Across the country today, homosexuals demonstrated in reaction to the passage of Proposition 8 in California, a constitutional amendment that reads, “Only marriage between a man and a woman is valid or recognized in California.” The ballot amendment was precipitated by a California Supreme Court decision that granted homosexuals the right to marry.
This photo was taken today in San Francisco:
To my knowledge, prior to the last decade, homosexual marriage has never been recognized by any society in human history. Here in the United States, no legislature has ever voted to establish homosexual marriage. So I think that gay activists make a serious mistake when they try to demonize everyone who opposes their agenda as a “scary bigot.”
Here in Minneapolis, there was a pro-gay marriage demonstration, reported on by the Minneapolis Star Tribune, which quotes one of the participants:
Reg Merrill, 63, drove 4 hours from Ft. Dodge Iowa to join the demonstration.
“It’s hard to believe that people pass laws that take away rights, ” Merrill said.
On a personal level, I have a lot of sympathy for Mr. Merrill. But his framing of the issue–people pass laws that take away rights–expresses what I think is the illogical approach taken by most gay leaders. In fact, what gays are trying to do is create a brand-new right, a right that has never existed before, to homosexual marriage.
The problem faced by the gay marriage movement is that most people are opposed to gay marriage.
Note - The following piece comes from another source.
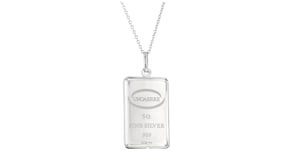 Italian Sterling Silver Five-Gram Ingot Pendant Necklace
Seeing this as a mere inconvenience, gays have sought “redress” in the courts, and some liberal state supreme courts have obliged, finding gay marriage to be, on one theory or another, a “civil right.” California’s Proposition 8 and similar measures have arisen solely in response to such rulings. They don’t “take away rights,” they restore the status quo ante with respect to “rights” that were never democratically recognized in the first place.
The value of gay marriage is mostly symbolic: homosexuals want their fellow citizens to approve of their lifestyle. Currently, there seems to be a pretty good chance that this will happen before long, for better or worse. But such acceptance is more likely retarded than advanced by the activists’ strategy of litigation plus demonstrations.